Files
allegro-checkpoint/skills/mlops/cloud/modal/references/advanced-usage.md
2026-04-01 11:04:00 +00:00

11 KiB

Modal Advanced Usage Guide

Multi-GPU Training

Single-node multi-GPU

import modal

app = modal.App("multi-gpu-training")
image = modal.Image.debian_slim().pip_install("torch", "transformers", "accelerate")

@app.function(gpu="H100:4", image=image, timeout=7200)
def train_multi_gpu():
    from accelerate import Accelerator

    accelerator = Accelerator()
    model, optimizer, dataloader = accelerator.prepare(model, optimizer, dataloader)

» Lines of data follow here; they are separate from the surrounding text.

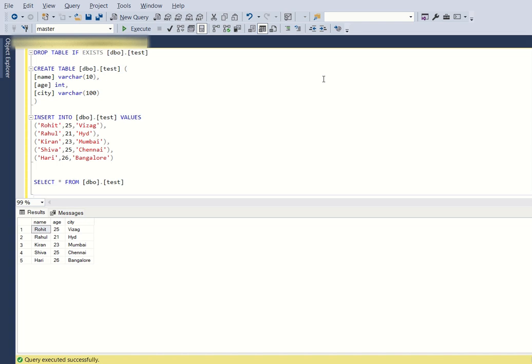Hello, today we are going to create a new table based on an existing schema without using the CREATE statement.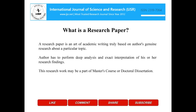Let us see what is a research paper. A research paper is an art of academic writing truly based on author's genuine research about a particular topic. Author has to perform deep analysis and exact interpretation of his or her research findings. This research work may be a part of master's course or doctoral dissertation.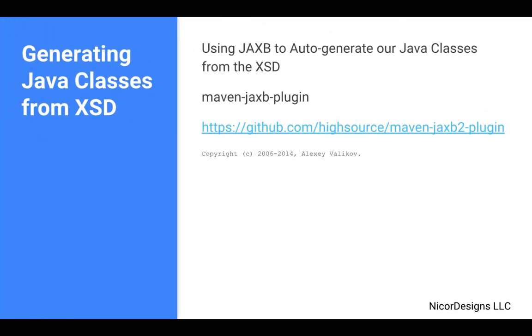In our manual WSDL generation tutorial, we generated an XSD file from the incoming insurance request and outgoing insurance response XML files. We did this inside of IntelliJ as part of the process on how to manually generate a WSDL document. We will now use this XSD file together with the Maven JAXB2 plugin to generate our Java classes.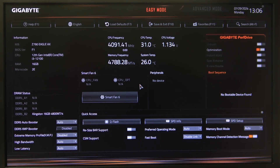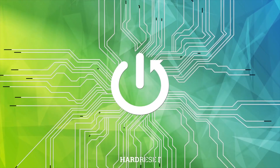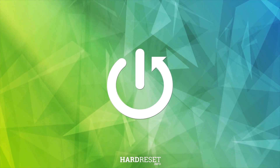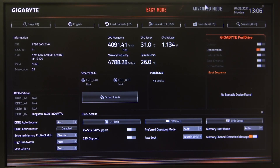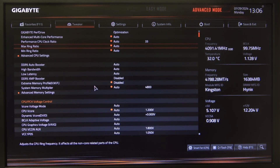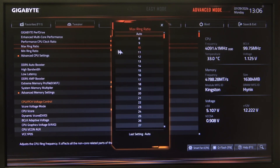Hello, in this video I want to show you how to change max and minimum ring ratio on a Gigabyte motherboard. To do this, first one needs to open advanced BIOS settings, navigate to the Tweaker, then select max ring ratio and here you can switch between different values.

    for batch in dataloader:
        outputs = model(**batch)
        loss = outputs.loss
        accelerator.backward(loss)
        optimizer.step()

DeepSpeed integration

image = modal.Image.debian_slim().pip_install(
    "torch", "transformers", "deepspeed", "accelerate"
)

@app.function(gpu="A100:8", image=image, timeout=14400)
def deepspeed_train(config: dict):
    from transformers import Trainer, TrainingArguments

    args = TrainingArguments(
        output_dir="/outputs",
        deepspeed="ds_config.json",
        fp16=True,
        per_device_train_batch_size=4,
        gradient_accumulation_steps=4
    )

    trainer = Trainer(model=model, args=args, train_dataset=dataset)
    trainer.train()

Multi-GPU considerations

For frameworks that re-execute the Python entrypoint (like PyTorch Lightning), use:

  • ddp_spawn or ddp_notebook strategy
  • Run training as a subprocess to avoid issues
@app.function(gpu="H100:4")
def train_with_subprocess():
    import subprocess
    subprocess.run(["python", "-m", "torch.distributed.launch", "train.py"])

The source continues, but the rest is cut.